On Sun, 19 Jan 2014 19:34:01 +0200 Arthur Rosenstein artros.misc@gmail.com wrote:
utils.c:643:33: error: expected ')' before 'xxx'
Double click on the message: seeks to the first 'x', Geany status bar shows line 643, column 43 (column # depends on the tab size).
But it *does* seek to 'а' if "боза" is locale.
Indeed, my bad. You're not treating "column numbers" as column numbers but rather UTF-8 byte offsets. That's definitely more common, but not universal still.
A truly universal solution should take into account whether the compiler emits utf-8 columns (java?/net?/python3?), or what is the file locale + whether the compiler takes into account the system locale + what is the system locale. Geany sets the GLib I/O channel encoding to NULL "safe to use with binary data", so at least that should not have any effect.
echo "test.py:7: E202 whitespace before ']'" | egrep '([^:]+):([0-9]+):([0-9]+):|([^:]+):([0-9]+): ' test.py:7: E202 whitespace before ']'
Did you actually test it? You're using g_match_info_fetch() to read the submatches of the first three *capture groups*. Those are indexed independently of the string you're trying to match. So, even though the pattern does match the error message in the file:line case, you're reading the source-location info from the capture groups that didn't match anything.
No, I assumed that Geany works as documented, and reads the first two matches.
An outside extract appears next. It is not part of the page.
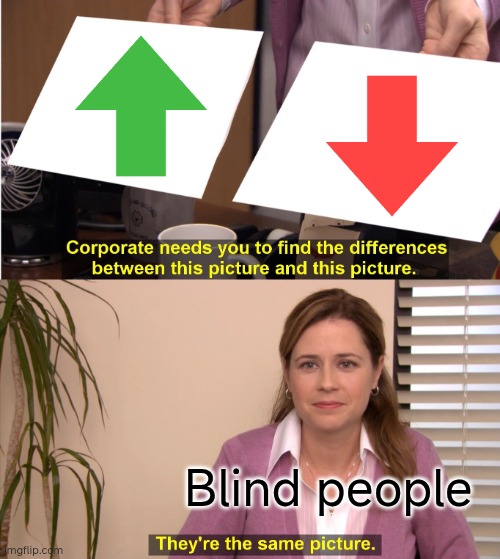 Lol | Blind people | image tagged in memes,they're the same picture | made w/ Imgflip meme maker
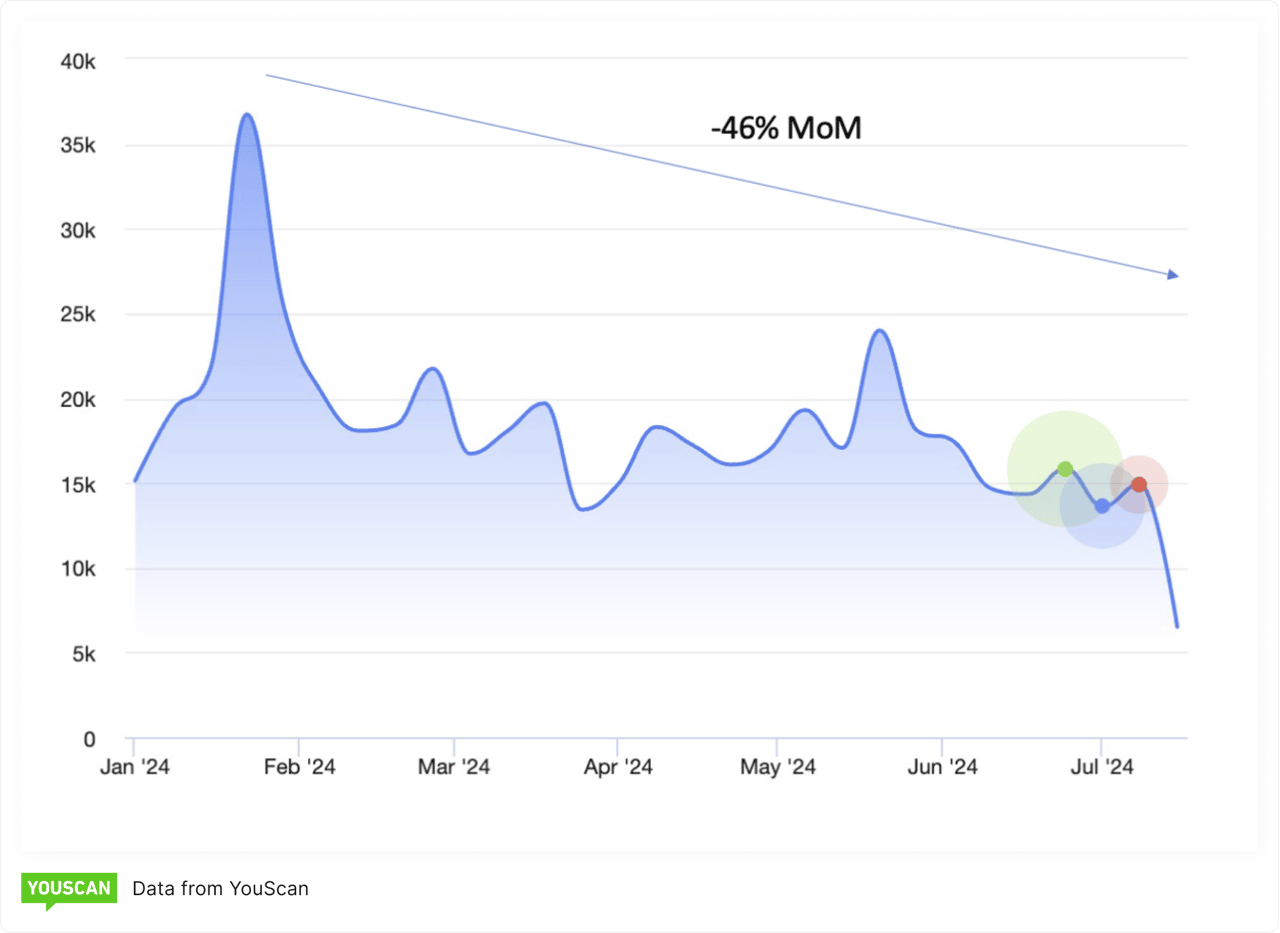 Graph of conversations about the job market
Looking at regex(1), it probably worked like that before switching to GRegex.
Note that in this case the solution is simple enough: "([^:]+):([0-9]+)(?::([0-9]+))?: ", but the general limitation is still there.
It's not a limitation, but a bug in the current regex parser. We should either document that the first two capturing groups are used, no matter if they match, or skip the non-matching groups (which is quite easy). After that, P11 can be updated - fixing the regex parser is outside it's scope.